When we study more than one individual, variation across individuals in susceptibility (certain ducks may be easier for the independently shooting hunters to see) can cause violations of probabilistic independence, even if stochastic independence of causes holds for each individual at risk, so even this (to me) appealing formulation does not necessarily permit a biologically meaningful inference.7 Moreover, one must also think differently and in a more complicated way about protective factors, such as vaccines. Nonetheless, although the field may have grown weary of this debate, issues of scale will continue to matter when we try to draw useful inference from models for joint effects.

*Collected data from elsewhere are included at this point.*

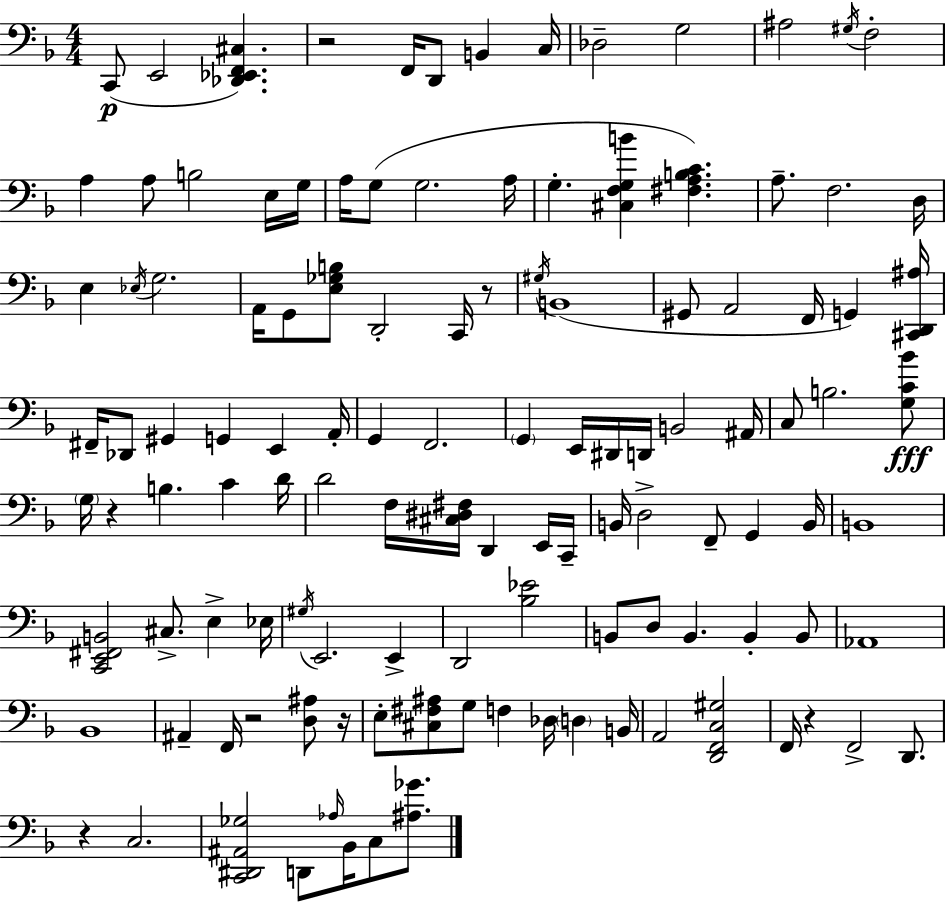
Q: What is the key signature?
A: D minor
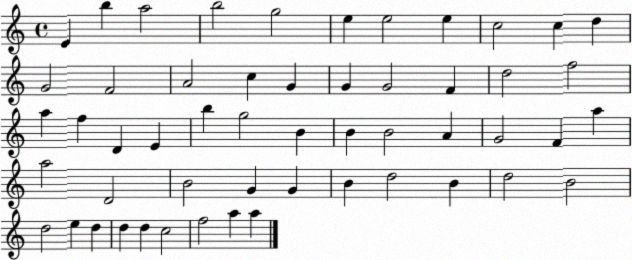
X:1
T:Untitled
M:4/4
L:1/4
K:C
E b a2 b2 g2 e e2 e c2 c d G2 F2 A2 c G G G2 F d2 f2 a f D E b g2 B B B2 A G2 F a a2 D2 B2 G G B d2 B d2 B2 d2 e d d d c2 f2 a a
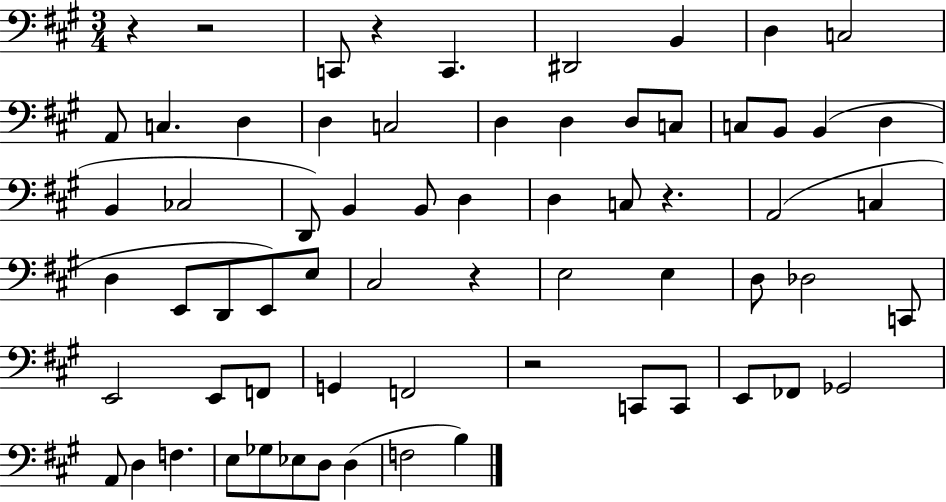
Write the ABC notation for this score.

X:1
T:Untitled
M:3/4
L:1/4
K:A
z z2 C,,/2 z C,, ^D,,2 B,, D, C,2 A,,/2 C, D, D, C,2 D, D, D,/2 C,/2 C,/2 B,,/2 B,, D, B,, _C,2 D,,/2 B,, B,,/2 D, D, C,/2 z A,,2 C, D, E,,/2 D,,/2 E,,/2 E,/2 ^C,2 z E,2 E, D,/2 _D,2 C,,/2 E,,2 E,,/2 F,,/2 G,, F,,2 z2 C,,/2 C,,/2 E,,/2 _F,,/2 _G,,2 A,,/2 D, F, E,/2 _G,/2 _E,/2 D,/2 D, F,2 B,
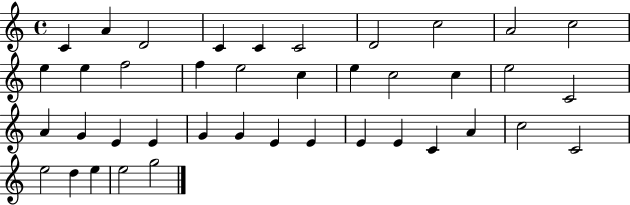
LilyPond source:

{
  \clef treble
  \time 4/4
  \defaultTimeSignature
  \key c \major
  c'4 a'4 d'2 | c'4 c'4 c'2 | d'2 c''2 | a'2 c''2 | \break e''4 e''4 f''2 | f''4 e''2 c''4 | e''4 c''2 c''4 | e''2 c'2 | \break a'4 g'4 e'4 e'4 | g'4 g'4 e'4 e'4 | e'4 e'4 c'4 a'4 | c''2 c'2 | \break e''2 d''4 e''4 | e''2 g''2 | \bar "|."
}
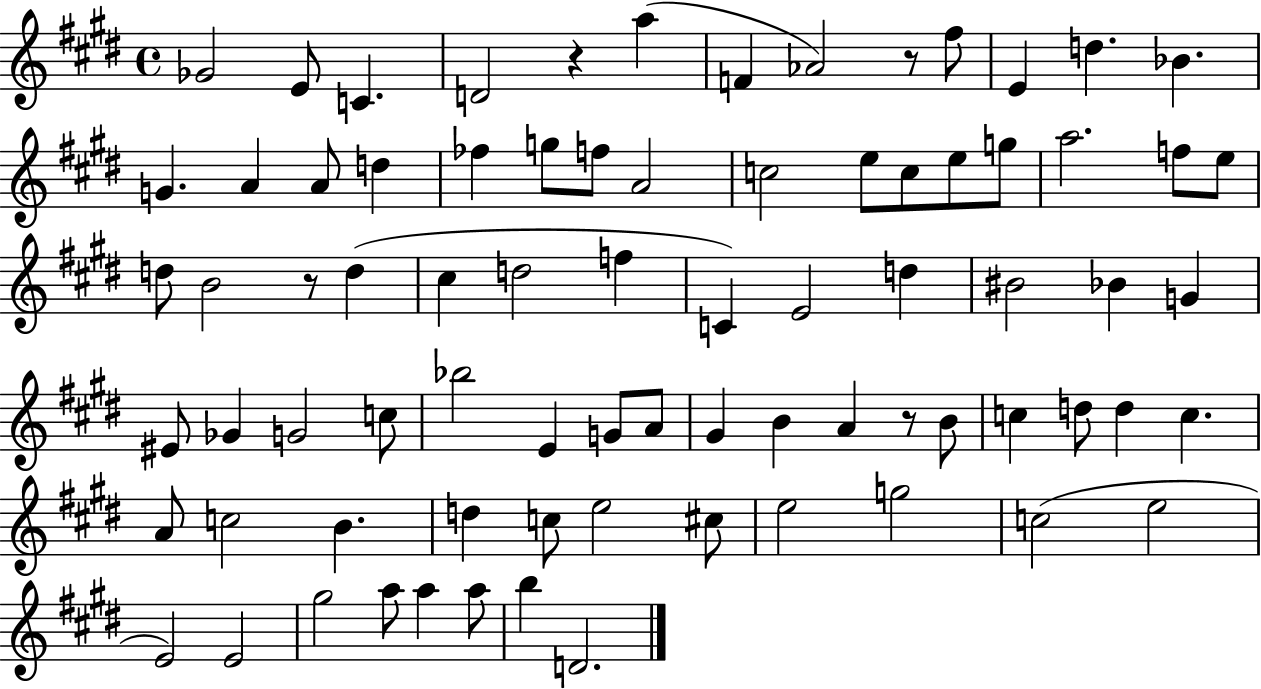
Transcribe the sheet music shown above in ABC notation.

X:1
T:Untitled
M:4/4
L:1/4
K:E
_G2 E/2 C D2 z a F _A2 z/2 ^f/2 E d _B G A A/2 d _f g/2 f/2 A2 c2 e/2 c/2 e/2 g/2 a2 f/2 e/2 d/2 B2 z/2 d ^c d2 f C E2 d ^B2 _B G ^E/2 _G G2 c/2 _b2 E G/2 A/2 ^G B A z/2 B/2 c d/2 d c A/2 c2 B d c/2 e2 ^c/2 e2 g2 c2 e2 E2 E2 ^g2 a/2 a a/2 b D2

DAGs have met with a mixed reaction in epidemiology, with some of my colleagues recognizing their importance for analysis of etiologic factors, and others preferring to think about confounding in more classic terms. I have long been one of the boosters.
One practical challenge with DAGs in my experience, however, is the contentiousness of choosing a DAG. These choices can be especially problematic in reproductive epidemiology, where time-related factors become important. For example: Is long interpregnancy interval a cause of change of partner, or is change of partner a cause of long interpregnancy interval? But the hard thinking and very careful consideration of the etiologic context that are needed to decide which DAG is epidemiologically most plausible can be extremely useful, as we try to break through our academically enforced reluctance to think directly about causes.
A different, longstanding problem with DAGs has been that when synergistic effects may be involved in the etiology of the disease, DAGs are annoyingly noncommittal. I'm afraid the paper by VanderWeele and Robins,3 although providing useful categorizations for effect modifiers, has not rescued DAGs from this limitation. There may be more future in rethinking the basics of how we draw the DAGs.
I thank Richard MacLehose and Anne Marie Jukic for their critical reading of the manuscript.